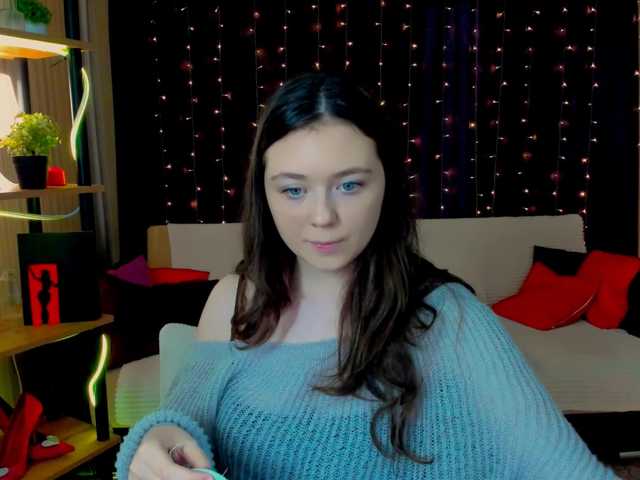 AlluringLookk live cam on BongaCams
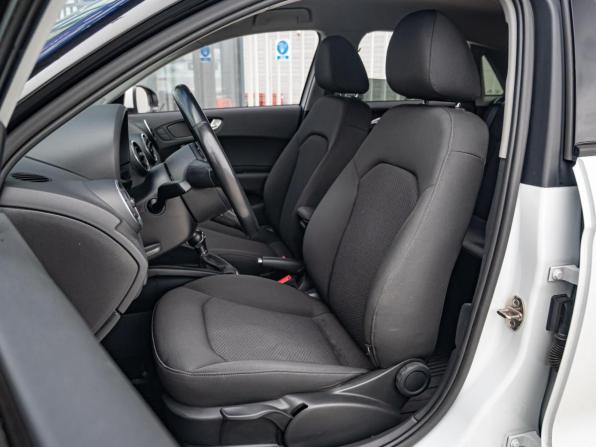 Audi A1 I (8X) Рестайлинг с пробегом 2015 года, цена 1 540 000 рублей, 66722 км, хэтчбек, Автокод Объявления
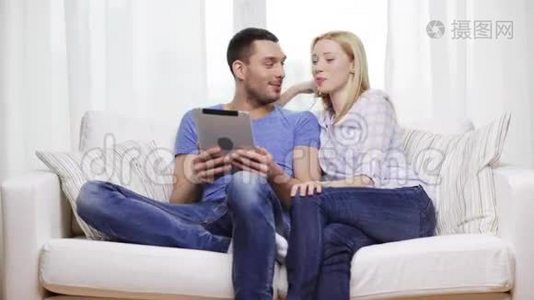 带着平板电脑在家的幸福夫妇微笑视频
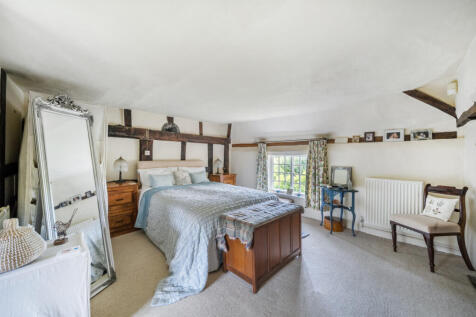 1353944-11-68c9ad...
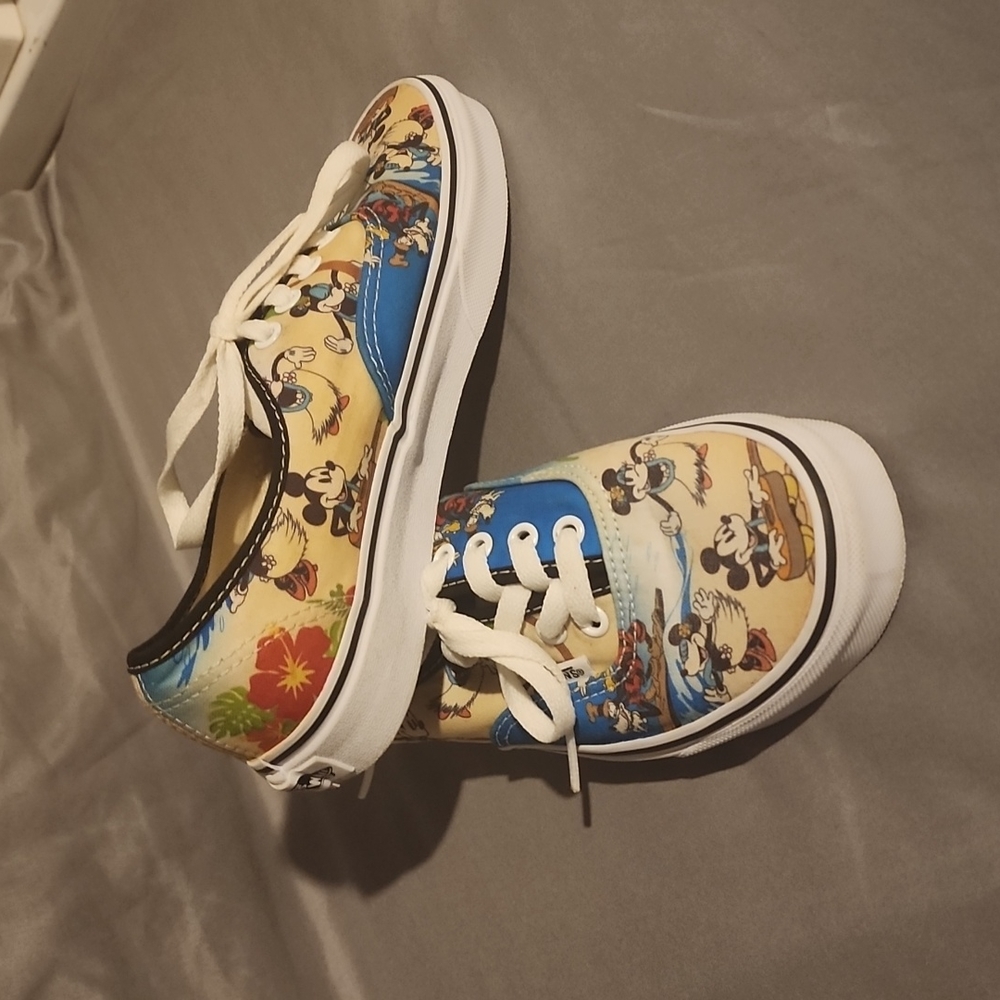 Women's Sz 6 Vans Hawaiian Mickey Mouse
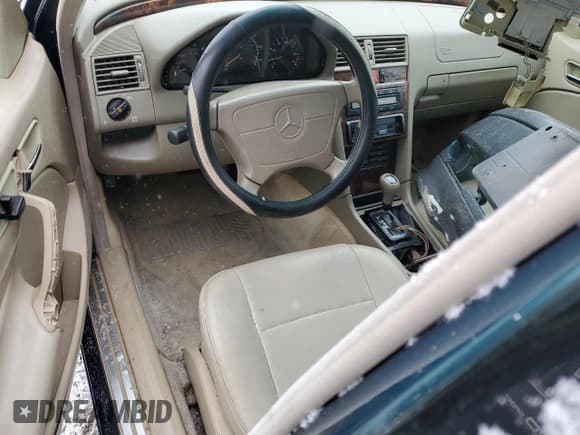 ✅ 1998 Mercedes-Benz C 230/260/280/320 • VIN: WDBHA23G7WA578330 • Lot: 58569875. Wystawiony na Copart z przebiegiem Nie podano. Bezpłatny archiwum sprzedaży aukcyjnych z USA i szczegółowy raport historii pojazdu na DreamBid. Zdjęcie 8.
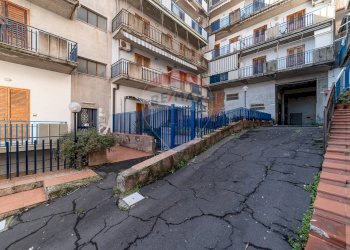 Edificio all\'aperto - Trilocale Via Umberto
 
I, Roccalumera - foto 23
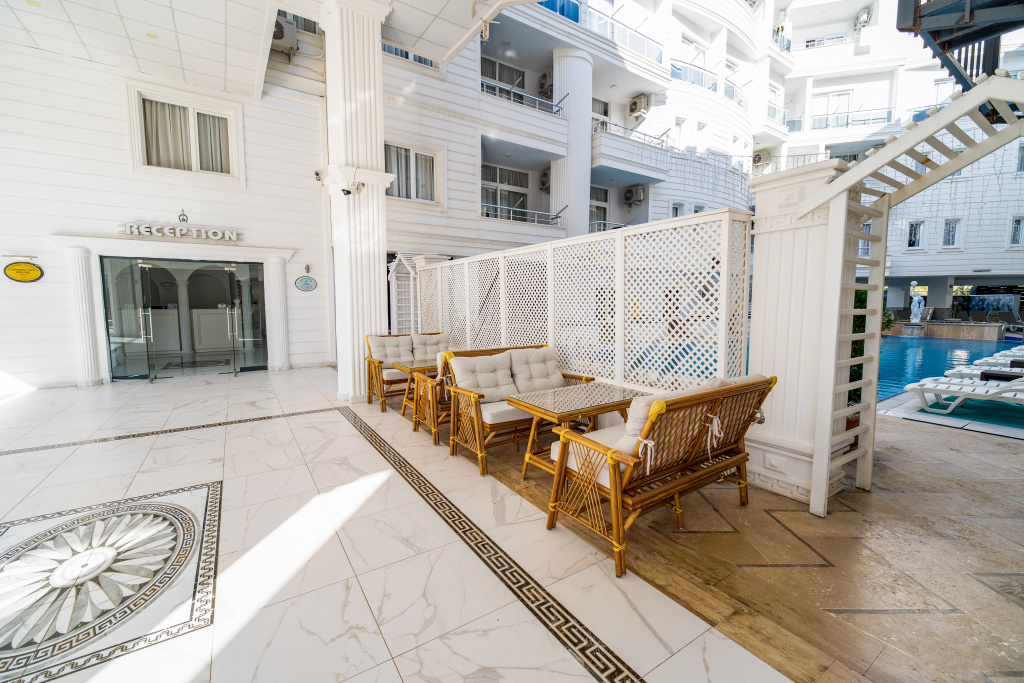 Hotel photo 11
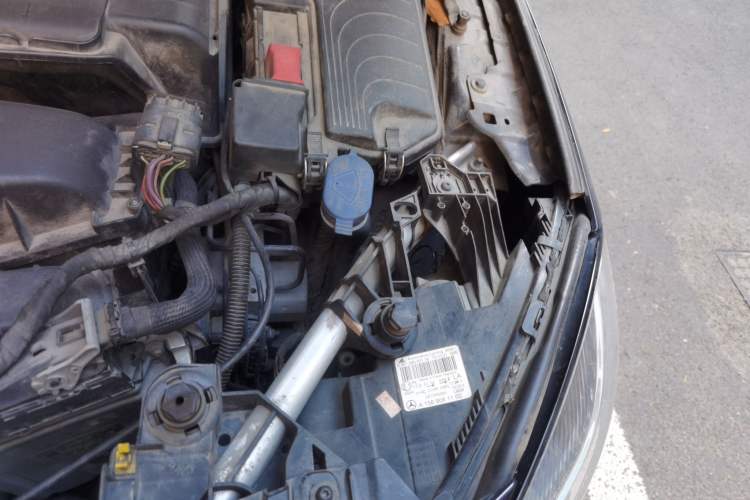 Used Mercedes-Benz GLA 2018 GLA 200 Sport Edition Engine Bay Left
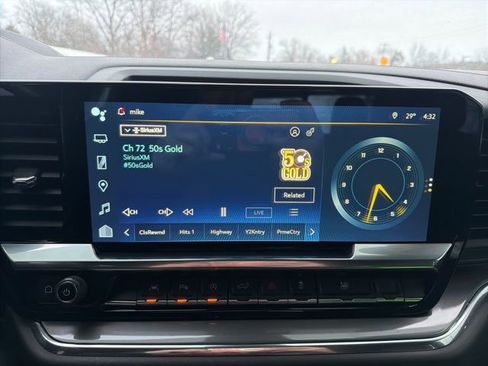 Certified 2023 Chevrolet Silverado 1500 High Country w/ Technology Package image 29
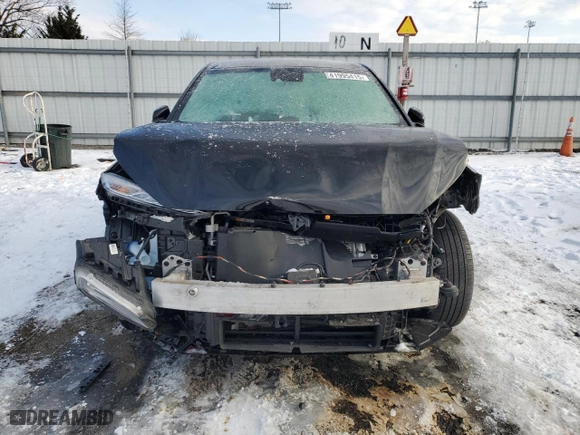 2021 Hyundai Kona Electric Limited with VIN KM8K33AG9MU106826, listed as a Copart auction lot 41995415 with 10,886 mi miles and Salvage Title. Bid and sale history available at carsss.com. Image 5.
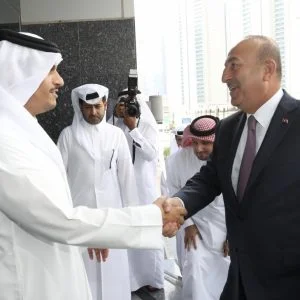 جاويش أوغلو يبحث مع نظيره القطري العلاقات الثنائية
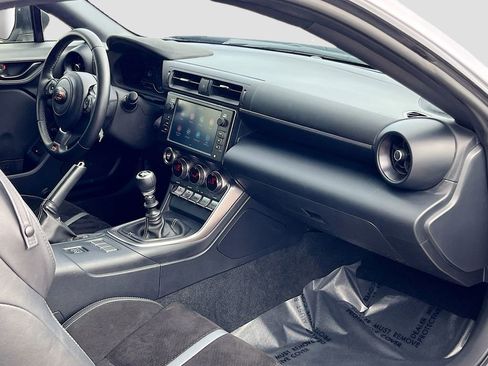 Used 2023 Toyota GR86 Premium image 27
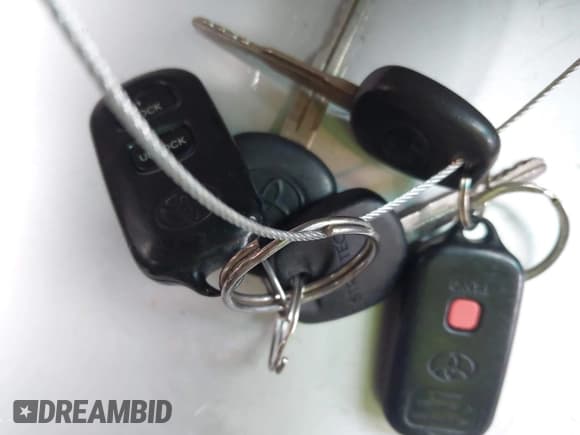 ✅ 2006 Toyota Highlander Limited • VIN: JTEEW21A860031914 • Lot: 43864051. Wystawiony na IAAI z przebiegiem 289 591 mil. Bezpłatny archiwum sprzedaży aukcyjnych z USA i szczegółowy raport historii pojazdu na DreamBid. Zdjęcie 11.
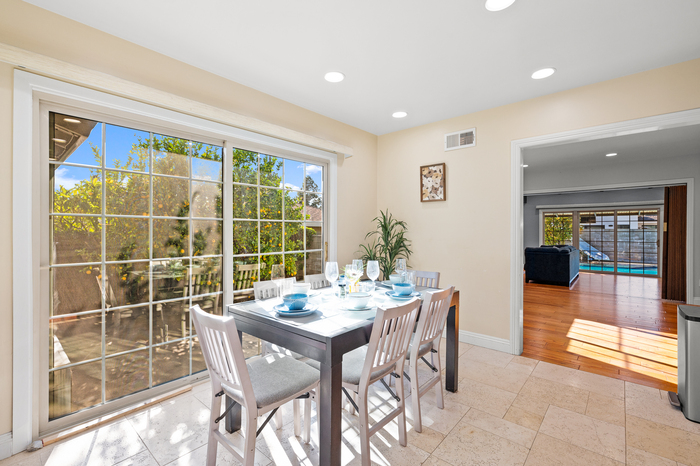 135 Underhill Dr, Glendora, CA 91741 photo 2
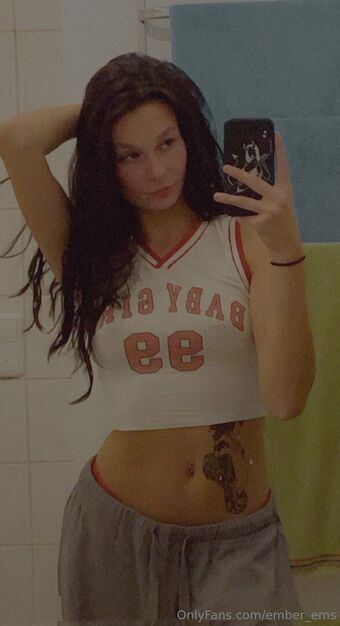 ember_ems Nakenläckor OnlyFans Foto 10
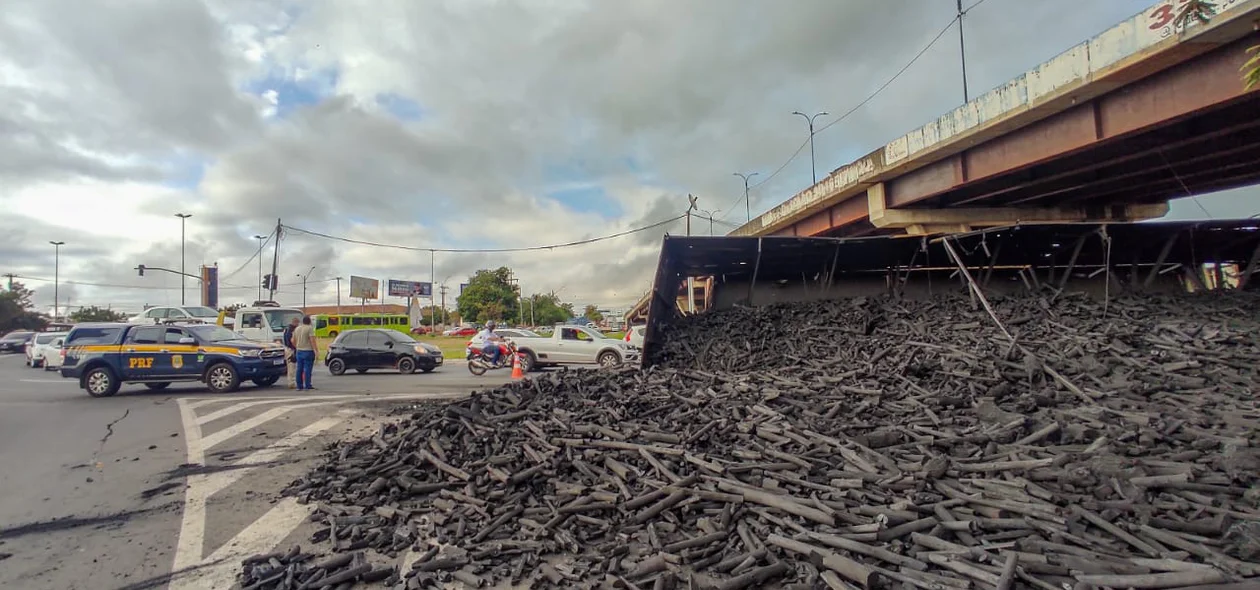 Carvão ficou derramado na pista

★ ★ ★ ★

• [Task to complete]: Please repeat every record exactly as it stands, leaving out any pictures.

• [Output of the task]:
 AlluringLookk live cam on BongaCams
 Audi A1 I (8X) Рестайлинг с пробегом 2015 года, цена 1 540 000 рублей, 66722 км, хэтчбек, Автокод Объявления
 带着平板电脑在家的幸福夫妇微笑视频
 1353944-11-68c9ad...
 Women's Sz 6 Vans Hawaiian Mickey Mouse
 ✅ 1998 Mercedes-Benz C 230/260/280/320 • VIN: WDBHA23G7WA578330 • Lot: 58569875. Wystawiony na Copart z przebiegiem Nie podano. Bezpłatny archiwum sprzedaży aukcyjnych z USA i szczegółowy raport historii pojazdu na DreamBid. Zdjęcie 8.
 Edificio all\'aperto - Trilocale Via Umberto
 
I, Roccalumera - foto 23
 Hotel photo 11
 Used Mercedes-Benz GLA 2018 GLA 200 Sport Edition Engine Bay Left
 Certified 2023 Chevrolet Silverado 1500 High Country w/ Technology Package image 29
 2021 Hyundai Kona Electric Limited with VIN KM8K33AG9MU106826, listed as a Copart auction lot 41995415 with 10,886 mi miles and Salvage Title. Bid and sale history available at carsss.com. Image 5.
 جاويش أوغلو يبحث مع نظيره القطري العلاقات الثنائية
 Used 2023 Toyota GR86 Premium image 27
 ✅ 2006 Toyota Highlander Limited • VIN: JTEEW21A860031914 • Lot: 43864051. Wystawiony na IAAI z przebiegiem 289 591 mil. Bezpłatny archiwum sprzedaży aukcyjnych z USA i szczegółowy raport historii pojazdu na DreamBid. Zdjęcie 11.
 135 Underhill Dr, Glendora, CA 91741 photo 2
 ember_ems Nakenläckor OnlyFans Foto 10
 Carvão ficou derramado na pista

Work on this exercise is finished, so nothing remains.